▶ **Available data**
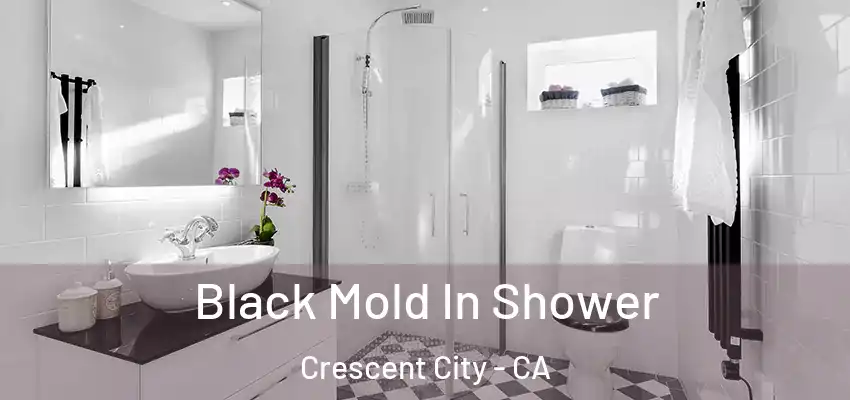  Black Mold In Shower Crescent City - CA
---
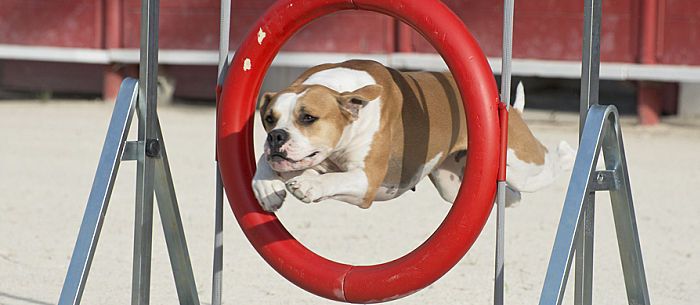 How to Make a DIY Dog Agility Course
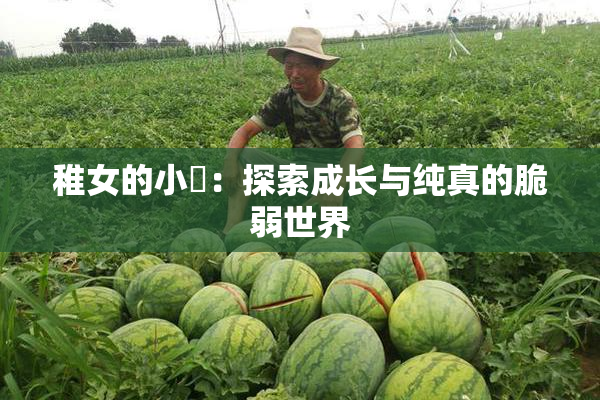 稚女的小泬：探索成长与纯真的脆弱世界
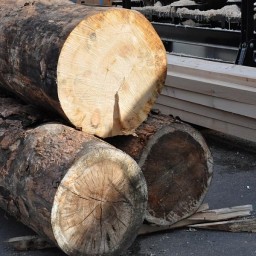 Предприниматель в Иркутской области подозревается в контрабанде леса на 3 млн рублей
...
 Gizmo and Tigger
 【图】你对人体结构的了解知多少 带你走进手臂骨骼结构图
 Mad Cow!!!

▶ **Work to complete**
Of the lines above, quote exactly those from the one with "稚女的小泬：探索成长与纯真的脆弱世界" through the one with "Предприниматель в Иркутской", ends included; pictures stay out.

▶ **Response area**
 稚女的小泬：探索成长与纯真的脆弱世界
 Предприниматель в Иркутской области подозревается в контрабанде леса на 3 млн рублей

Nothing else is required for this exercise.